I was invited to run a networking session at the Creative Approach Summit. We called it Improvising Recipes for Success and began with a gentle activity to address all three theme words in the title.

‘What quality do you bring to this conference, your work, your life?’ I asked. And to make it more of a challenge, how about a quality that starts with the same first letter as your name?

For example, ‘I’m Paul, and the quality I bring is Patience’. Admittedly that’s a bit of a generous description for someone with my equally-active trait of Wanting-to-get-on-with-things, but they got the idea.

A cascade of good qualities showered in; Fun, Care and Liveliness among them.

This simple introductory activity engages everyone in an improvisational experience, practicing Freedom Within Structure.
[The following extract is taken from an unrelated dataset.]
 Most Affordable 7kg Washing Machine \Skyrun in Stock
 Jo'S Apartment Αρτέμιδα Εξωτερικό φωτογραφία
In this case, it’s a tight structure, requiring a single word starting with a specified letter.

Someone wrote a three-word phrase, an easy expansion of the suggested structure, which gives us clues on how structures may not be as rigid as the facilitator has described them. If the answer still serves the purpose, that’s fine. There’s no special reason for sticking to my arbitrarily created structure in this case. Another time I might introduce the task as ‘a word or short phrase’, if thinking it might prompt a more fruitful response.

Many facilitators find it helpful to think in terms of Structures and their concomitant Freedoms, especially when they are designing and running activities that aim to engage their participants at appropriate levels of safety, risk and challenge.

The activity also orients us towards ‘Success’, in at least two ways. Choosing their word reminds each person of the various personal qualities and resources that they’ve used in their professional and personal accomplishments to date. And so they are articulating at least one ingredient of their personal recipes for success.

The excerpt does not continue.